■ **WHAT TO DO**
Without including any pictures, reproduce the full listing exactly.

■ **GIVEN RECORDS**
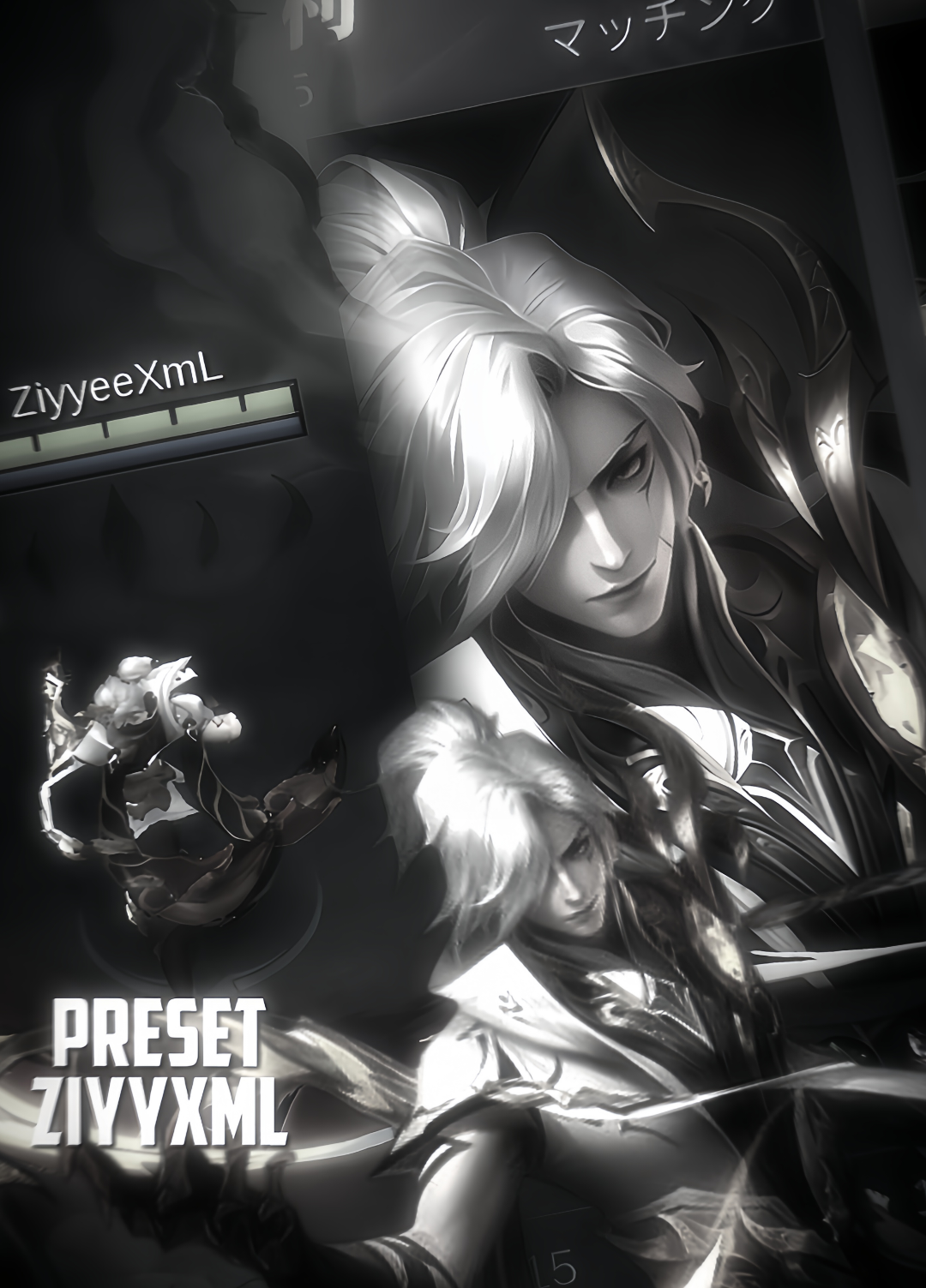 @ZiyyeeXmL - am prem 5k dibio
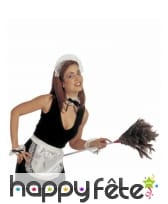 Set complet de femme de chambre, image 1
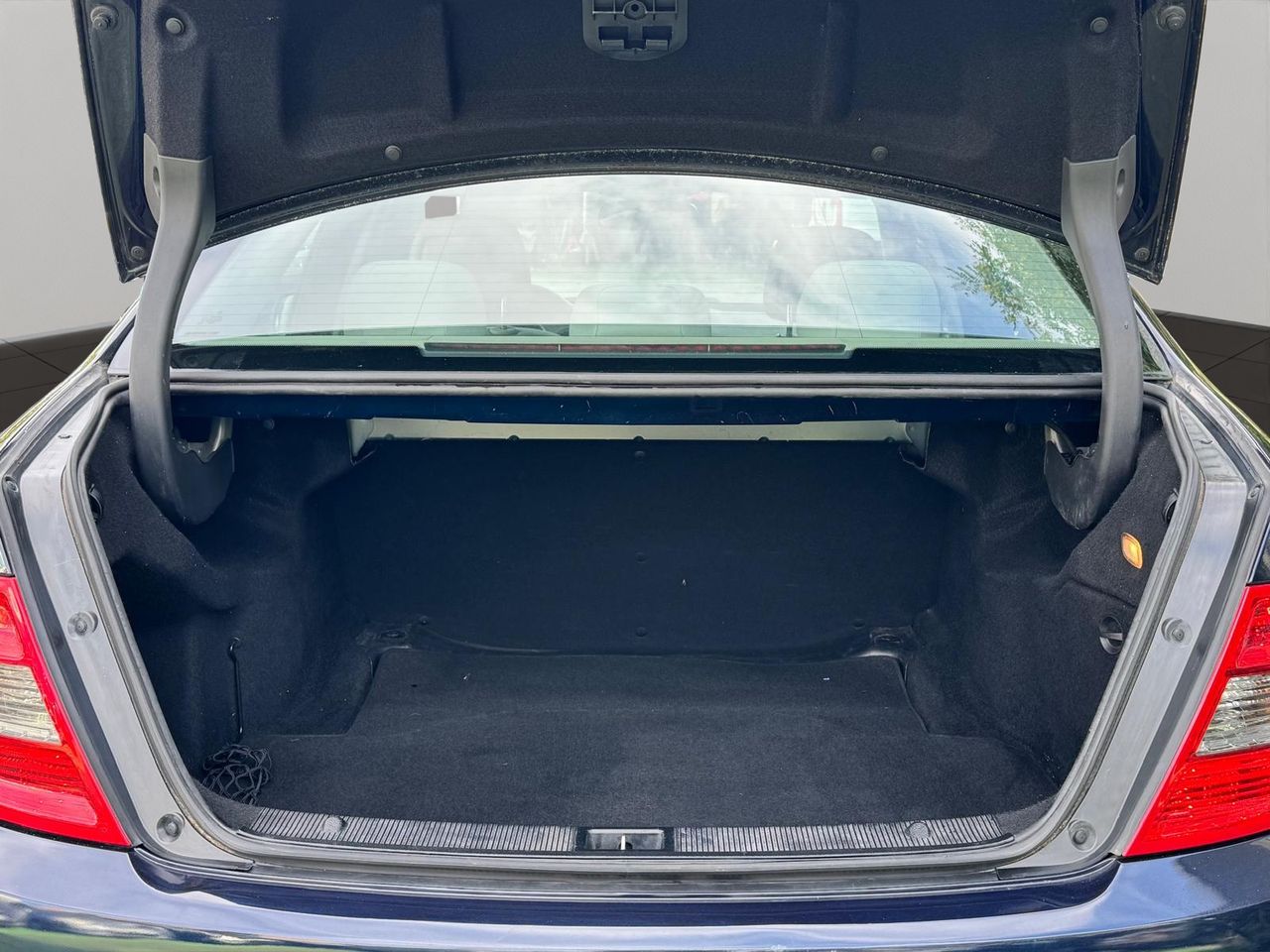 MERCEDES CLASE C C200 CDI AVANTGARDE AUT. - Foto 23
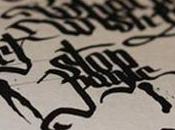 Diseños Caligráficos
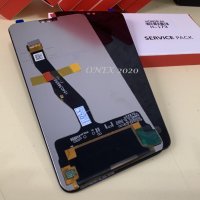 Нов 100 % Оригинален LCD Дисплей за Huawei Honor 8X JSN-L21 Lcd Display / Screen + Touch Service Pac, снимка 2 - Резервни части за телефони - 38395443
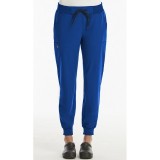 6903 Matrix Pro Pantalon Jogger de Taille Elastique avec Cordon et 6 Poches par Maevn
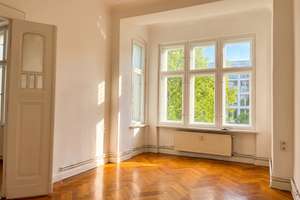 Familienglück mitten im Kiez – Prenzlauer Allee 172, 10409 Prenzlauer Berg, Berlin – Vorschaubild 2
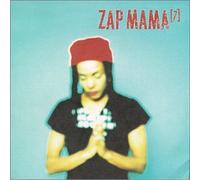 Zap Mama - Seven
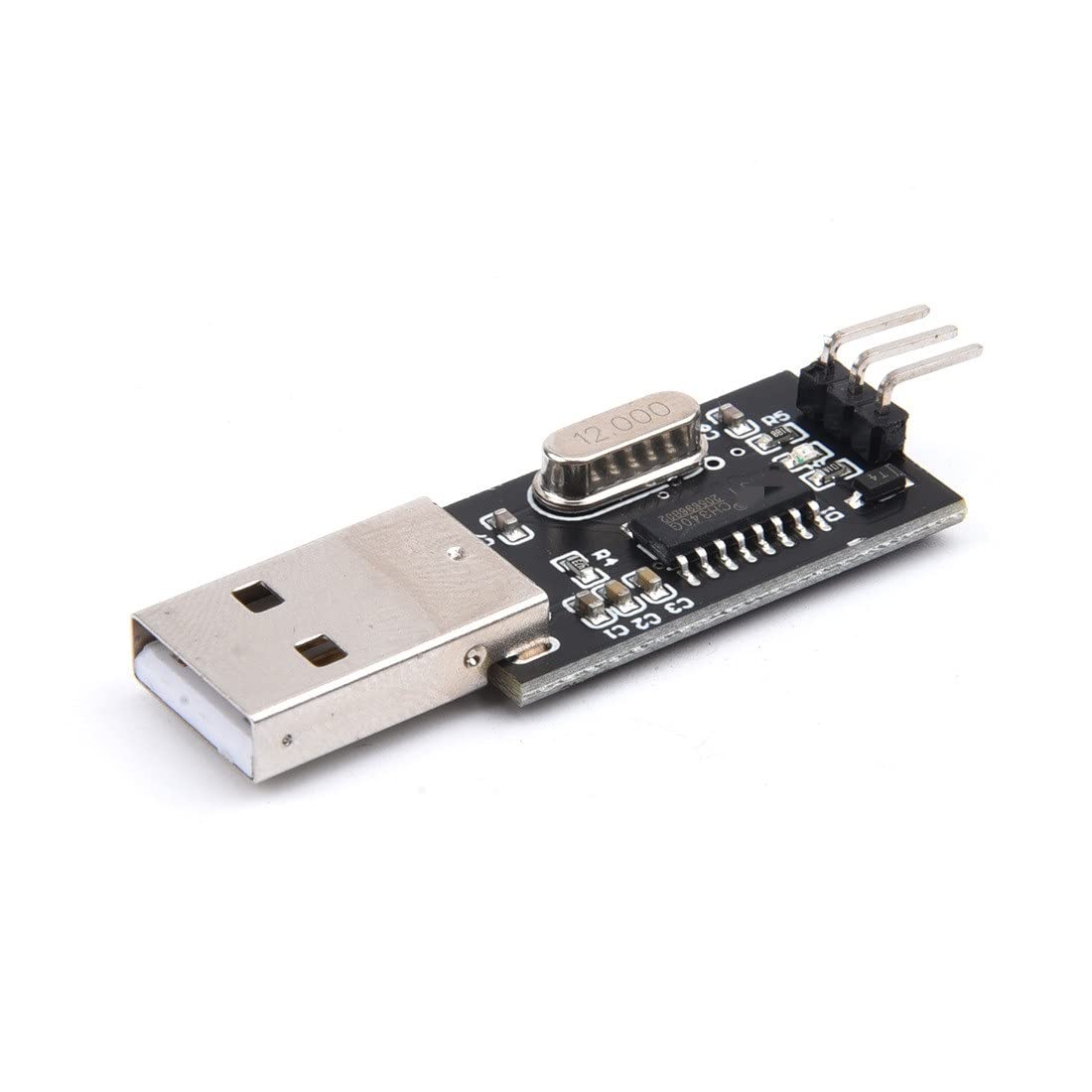 USB-Linker-Programmierer, bürstenloser Regler, kompatibel mit BLHeli BL32 BLS Parameter Setter Suite, Open-Source-Geschwindigkeitsregelung Kompatibel mit RC-FPV-Drohnen von CFMIAWIC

■ **ANSWER SECTION**
 @ZiyyeeXmL - am prem 5k dibio
 Set complet de femme de chambre, image 1
 MERCEDES CLASE C C200 CDI AVANTGARDE AUT. - Foto 23
 Diseños Caligráficos
 Нов 100 % Оригинален LCD Дисплей за Huawei Honor 8X JSN-L21 Lcd Display / Screen + Touch Service Pac, снимка 2 - Резервни части за телефони - 38395443
 6903 Matrix Pro Pantalon Jogger de Taille Elastique avec Cordon et 6 Poches par Maevn
 Familienglück mitten im Kiez – Prenzlauer Allee 172, 10409 Prenzlauer Berg, Berlin – Vorschaubild 2
 Zap Mama - Seven
 USB-Linker-Programmierer, bürstenloser Regler, kompatibel mit BLHeli BL32 BLS Parameter Setter Suite, Open-Source-Geschwindigkeitsregelung Kompatibel mit RC-FPV-Drohnen von CFMIAWIC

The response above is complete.